Justice Kagan’s position may have another potent feature. She argues that the anti-corruption rationale must be evaluated with some reasonable reference to the conditions of contemporary campaign finance. Justice Kagan calls attention to how money is raised–“bundling” in particular–and how the existence of tight individual contribution limits like Arizona’s does not “eliminate the risk of corrupt dealing between candidates and donors.” Id. at 2842, n.11. She would likely find additional support for this argument in other features of contemporary campaign finance–the rise of “SuperPACs” and other forms of independent expenditure activity likely very different from what the Court in Buckley had imagined. Justice Kagan is pressing for a “real world” view in opposition to that of the Chief–the view, she reminds her readers, that the states themselves take on the basis of lived experience.
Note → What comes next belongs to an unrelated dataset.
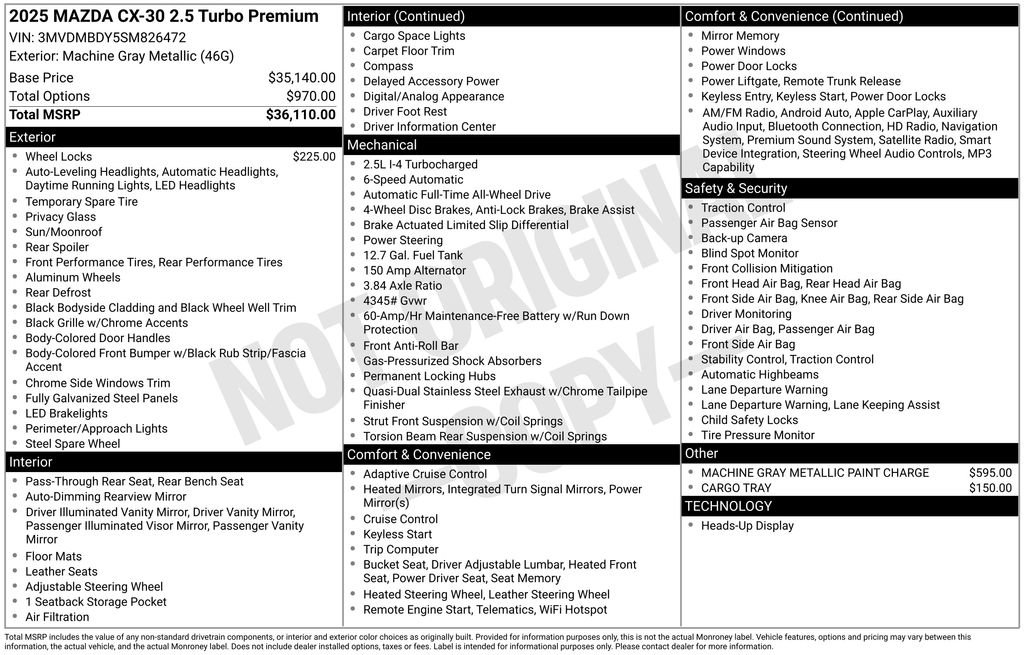 New 2025 MAZDA CX-30 2.5 Turbo w/ Premium Package image 7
The Chief, for his part, will have none of it. He concludes in a brief note that Arizona’s problem has been rank bribery and that campaign finance controls like those under consideration cannot stop it. Id. at 2828-29. To make his point about the irrelevance of campaign finance to the issue of bribery, Chief Justice Roberts points to Arizona’s limits on contributions. As Justice Kagan points out, the Court has never held that a public financing scheme is constitutional only in the absence of contribution limits–that legislatures are limited to one set of prophylactic measures only. But just as the Roberts majority would limit the reach of pre-McConnell authority on the basis of post-McConnell analysis, so, too, does it appear unwilling to confront the practical reasons why even a low-limit state would remain concerned with candidate-donor corruption.
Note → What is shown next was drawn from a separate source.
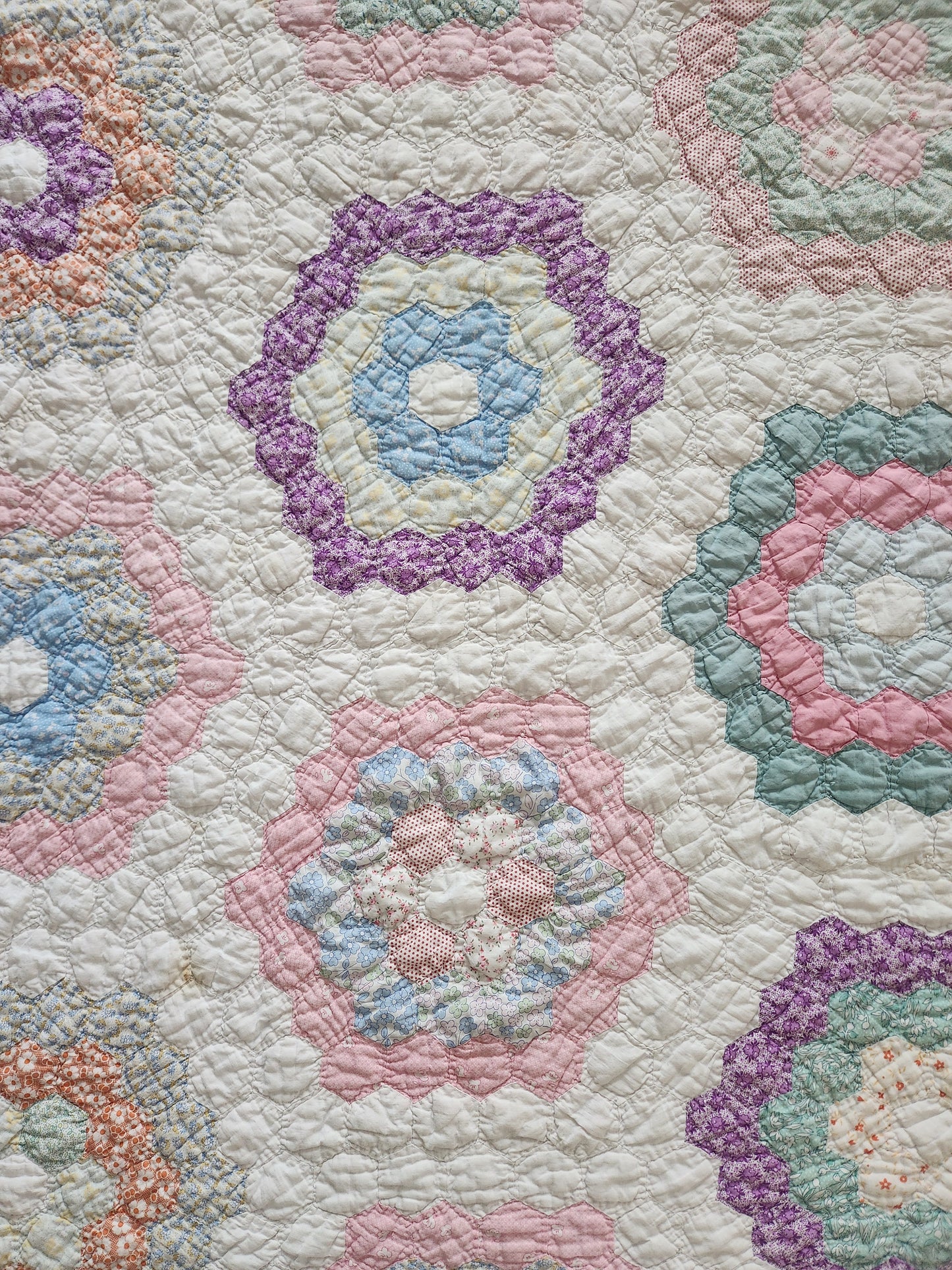 Vintage Grandmother's Garden Quilt c1940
Through this exchange between the Chief and the Court’s newest Justice, Bennett could mark a new phase in the contest over the proper jurisprudence to be applied to campaign finance controls. It may turn out that Justice Kagan is returning to basics, to the question of corruption, and asking whether the Roberts majority will leave enough of Buckley standing to empower the states to take any reasonably effective measures to address corrupt political practice and its appearance. To the Roberts’ majority’s tendency to construe each new case as one of overreaching in the presumed vein of the contested parts of McCain-Feingold, Justice Kagan seems to be saying, “enough is enough.” But she is saying it quite in her own way, and apart from the force of her exposition, she has brought new clarity to the true nature and import of the disagreement.